Most websites live forever in obscurity getting a few hundred hits a day at best. However, if that same website gets linked to from a popular super-recommender like slashdot.org or boing-boing.net the hits can jump from 100s per days to 100s per minute. This phenomenon is called the slashdot effect (http://en.wikipedia.org/wiki/Slashdot_effect). On a server built with a low hit volume in mind it's pretty devastating, generally resulting in complete denial of service.

There are, however, things people can do to mitigate the effects of the slashdot effect -- besides buying a beefier server. One of the most effective is to take the specific page to which slashdot has posted a link and create a lighter version of it. One makes a copy with fewer images, less text, no extra boxes, headers, footers, etc. If initially the page was dynamically generated (created on the fly on a per-request basis) a static copy is made that views the same for everyone.

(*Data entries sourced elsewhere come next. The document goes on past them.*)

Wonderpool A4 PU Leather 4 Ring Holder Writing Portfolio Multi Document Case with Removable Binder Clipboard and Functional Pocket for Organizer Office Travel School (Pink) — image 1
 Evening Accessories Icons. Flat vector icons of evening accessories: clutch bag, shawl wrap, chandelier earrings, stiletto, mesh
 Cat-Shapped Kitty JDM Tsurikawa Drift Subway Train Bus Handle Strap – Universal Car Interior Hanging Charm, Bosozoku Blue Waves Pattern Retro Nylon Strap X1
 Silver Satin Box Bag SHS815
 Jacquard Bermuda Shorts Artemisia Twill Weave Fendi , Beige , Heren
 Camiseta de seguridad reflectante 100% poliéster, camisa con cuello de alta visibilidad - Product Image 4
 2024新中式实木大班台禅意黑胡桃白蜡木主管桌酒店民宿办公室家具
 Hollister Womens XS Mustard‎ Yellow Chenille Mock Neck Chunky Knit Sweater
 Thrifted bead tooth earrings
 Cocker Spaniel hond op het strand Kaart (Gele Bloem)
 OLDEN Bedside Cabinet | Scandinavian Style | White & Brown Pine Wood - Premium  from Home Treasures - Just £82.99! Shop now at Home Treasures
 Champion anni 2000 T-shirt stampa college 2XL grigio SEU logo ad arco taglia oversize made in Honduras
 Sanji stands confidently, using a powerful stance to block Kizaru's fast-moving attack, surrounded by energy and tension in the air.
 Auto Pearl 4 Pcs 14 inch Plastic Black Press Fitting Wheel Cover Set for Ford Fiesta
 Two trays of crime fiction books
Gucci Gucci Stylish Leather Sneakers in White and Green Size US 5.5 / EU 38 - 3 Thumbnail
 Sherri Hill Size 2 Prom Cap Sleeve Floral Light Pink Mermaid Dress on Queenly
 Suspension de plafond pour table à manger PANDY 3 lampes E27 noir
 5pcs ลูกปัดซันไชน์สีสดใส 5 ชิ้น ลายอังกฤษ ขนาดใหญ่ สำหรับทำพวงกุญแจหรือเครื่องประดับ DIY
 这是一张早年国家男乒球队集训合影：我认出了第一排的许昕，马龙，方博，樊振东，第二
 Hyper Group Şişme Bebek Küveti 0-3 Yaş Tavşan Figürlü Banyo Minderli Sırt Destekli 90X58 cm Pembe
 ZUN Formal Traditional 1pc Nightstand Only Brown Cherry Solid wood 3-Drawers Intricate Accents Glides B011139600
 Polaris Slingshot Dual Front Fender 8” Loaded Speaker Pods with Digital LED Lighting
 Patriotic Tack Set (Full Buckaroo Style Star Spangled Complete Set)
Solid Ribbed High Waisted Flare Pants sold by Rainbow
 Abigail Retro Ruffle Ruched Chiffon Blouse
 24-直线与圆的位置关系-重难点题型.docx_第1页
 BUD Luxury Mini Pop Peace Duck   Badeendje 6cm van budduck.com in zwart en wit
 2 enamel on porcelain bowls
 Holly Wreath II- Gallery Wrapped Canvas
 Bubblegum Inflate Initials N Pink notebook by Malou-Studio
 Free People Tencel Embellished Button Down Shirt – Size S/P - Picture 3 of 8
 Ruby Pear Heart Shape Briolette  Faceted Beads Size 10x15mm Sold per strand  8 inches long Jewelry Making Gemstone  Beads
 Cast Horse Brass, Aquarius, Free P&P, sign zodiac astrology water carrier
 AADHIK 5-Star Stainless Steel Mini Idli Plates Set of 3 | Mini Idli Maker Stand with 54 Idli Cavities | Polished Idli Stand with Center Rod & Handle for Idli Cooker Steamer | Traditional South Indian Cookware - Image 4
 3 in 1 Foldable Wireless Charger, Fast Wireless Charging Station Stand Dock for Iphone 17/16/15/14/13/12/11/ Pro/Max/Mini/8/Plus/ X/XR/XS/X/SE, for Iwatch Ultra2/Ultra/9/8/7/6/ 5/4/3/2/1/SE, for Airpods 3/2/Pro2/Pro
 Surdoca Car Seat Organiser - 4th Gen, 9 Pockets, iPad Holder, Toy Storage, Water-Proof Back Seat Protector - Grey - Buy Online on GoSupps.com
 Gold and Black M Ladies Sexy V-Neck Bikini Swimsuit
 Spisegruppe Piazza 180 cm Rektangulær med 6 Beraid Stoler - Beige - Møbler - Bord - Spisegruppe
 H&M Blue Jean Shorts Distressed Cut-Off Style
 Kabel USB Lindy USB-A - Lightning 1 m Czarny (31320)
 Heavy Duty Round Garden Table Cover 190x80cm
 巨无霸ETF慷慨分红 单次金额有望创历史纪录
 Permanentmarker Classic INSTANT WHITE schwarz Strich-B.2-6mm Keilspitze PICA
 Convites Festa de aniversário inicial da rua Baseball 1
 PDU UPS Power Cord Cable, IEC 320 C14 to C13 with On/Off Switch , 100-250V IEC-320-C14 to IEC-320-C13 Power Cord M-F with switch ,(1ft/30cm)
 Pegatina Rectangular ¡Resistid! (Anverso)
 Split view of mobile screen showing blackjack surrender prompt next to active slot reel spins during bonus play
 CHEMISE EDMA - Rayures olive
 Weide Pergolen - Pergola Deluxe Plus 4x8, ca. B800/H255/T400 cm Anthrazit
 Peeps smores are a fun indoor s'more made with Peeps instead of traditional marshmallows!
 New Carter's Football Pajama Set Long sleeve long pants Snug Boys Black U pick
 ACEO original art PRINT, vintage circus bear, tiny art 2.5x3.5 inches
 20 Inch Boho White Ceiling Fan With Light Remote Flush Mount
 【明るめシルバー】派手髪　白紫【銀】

Serving up this static, lite version imposes less CPU load on the server and reduces bandwidth consumption.

Sites that do this often configure their web servers so that visitors coming from slashdot get the lite version of the content while those coming from anywhere else get the full page as normally displayed. This is possible because all web browsers send a Referrer: header specifying from whence they just came.

Another strategy employed by many sites with non-user-specific dynamic content is the caching of dynamically generated content as static pages. These cached static pages are re-validated periodically. Doing this form of caching reduces CPU load on servers. In fact, slashdot actually caches its own front page rather than dynamically-generating it on each page view for non-logged-in users (those not viewing a personalized copy of the front page). These dynamic-as-static caches don't, however, re-write the HTML to make it lighter, thus they reduce CPU load (by generating the pages less frequently) but not bandwidth (as all the same data is transferred).

I would think that with a little configuration work, scripting, and maybe a custom Apache (web server) module one could combine and automatic referrer detection, lite version creation, and dynamic content caching to produce a site that in general usage does no caching or content-rewriting (as they're generally unnecessary for small sites), but if and only if the referrer on a request came from a super-recommender would automatically create, cache, and use a lite version of the requested content.

Setting up a referrer specific, auto-caching, auto-rewriting system like this would be better than manually creating a lite version and inserting a referrer-based redirection rule after one's been slashdotted, because the sudden and fleeting nature of a slashdotting provides no warning and ends shortly after. Heck, if the slashdotting drops one's server to its knees one might not even be able to get into it to insert the "redirect to a light version by referrer" logic manually.

If I ever get around to putting such a backup system on my web server I'll post how I ended up doing it. Then again, first I'd have to do something interesting enough to get slashdotted.